© 2013 Andy Weir
I was elated! This was the best plan ever! Not only was I clearing out the hydrogen, I was making more water!
Everything went great right up to the explosion.
The Martian is easily the most entertaining science fiction novel I’ve read, a story of relentless problem-solving and dogged humor. It’s not Mark’s story alone — Weir occasionally zooms back to Earth as NASA tries to cope, and he occasionally shifts to a third-person narrative when something colossally bad is about to happen to our stubborn survivor — but most of The Martian is told, journal-form, recording Mark’s reactions, plans, and thoughts on life so far from humanity. He is never free from worry; no sooner has he found to solve a problem by physics, chemistry, botany, or setting something on fire, than does something else go wrong. Sometimes solutions create their own problems, because his resources are limited and not even an engineer-botanist can think of everything.
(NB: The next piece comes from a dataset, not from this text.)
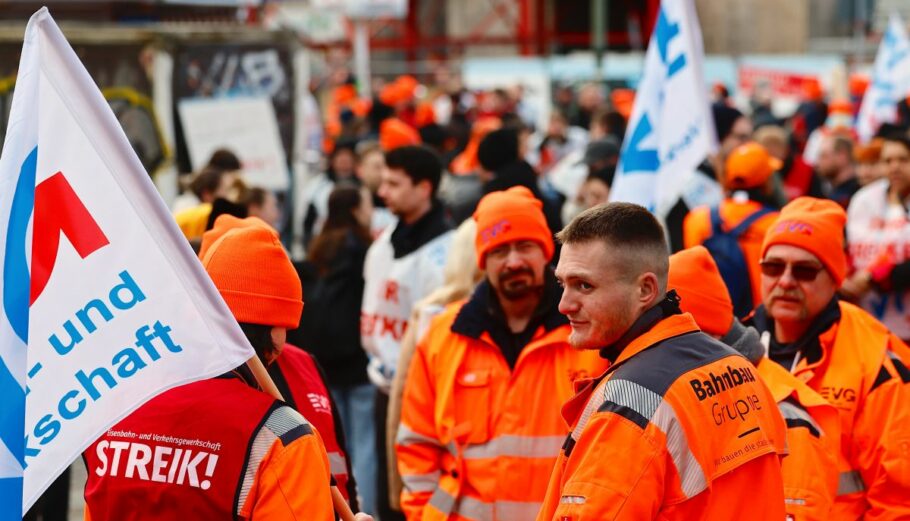 Πανελλαδική απεργία στις μεταφορές στην Γερμανία © EPA/HANNIBAL HANSCHKE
Add to that the fact that Mars is an environment hostile to human life, a severe place that punishes mistakes with death (freezing, exploding, starving, take your pick), and there’s no end to his troubles. But he never stops trying, and he never becomes dispirited permanently. There’s no one on the planet to have a pity party with, and nothing to do but try to put the pieces back together again and move on. Eventually the story widens; Mark can’t communicate with Earth, but they do have satellites, and the only bit of life on the entire planet can’t avoid being noticed forever. If he can only find a way to endure! Despite the seriousness of his situation, the narrative is easy-going, almost light-hearted. Mark is keeping logs to keep track of his progress and maintain his sanity, not give an audience a respectable tale of man vs. the elements. He records in detail his thinking about wrangling technical problems, but he’s also constantly joking or complaining or chattering.. (“I tested the brackets by hitting them with rocks. This kind of sophistication is what we interplanetary scientists are known for.”) Part of the appeal of The Martian is the fact that, though this is science-fiction, it’s not far removed from contemporary technology; the people in this novel don’t need any background, because they’re us. This is an immensely personable science-adventure story, abounding in puzzles and smart remarks. It’s quite impressive considering it’s Andy Weir’s first work, and I would definitely recommend it, especially to those with any interest at all in space flight.
“[The laptop] died instantly. The screen went black before I was out of the outlock. Turns out the ‘L’ in ‘LCD’ stands for ‘Liquid’. I guess it either froze or boiled off. Maybe I’ll have to post a consumer review: ‘Brought product to surface of Mars. It stopped working. 0/10’.”
“Founding Father“, Isaac Asimov. Also about astronauts trying to survive in a hostile world after things go badly.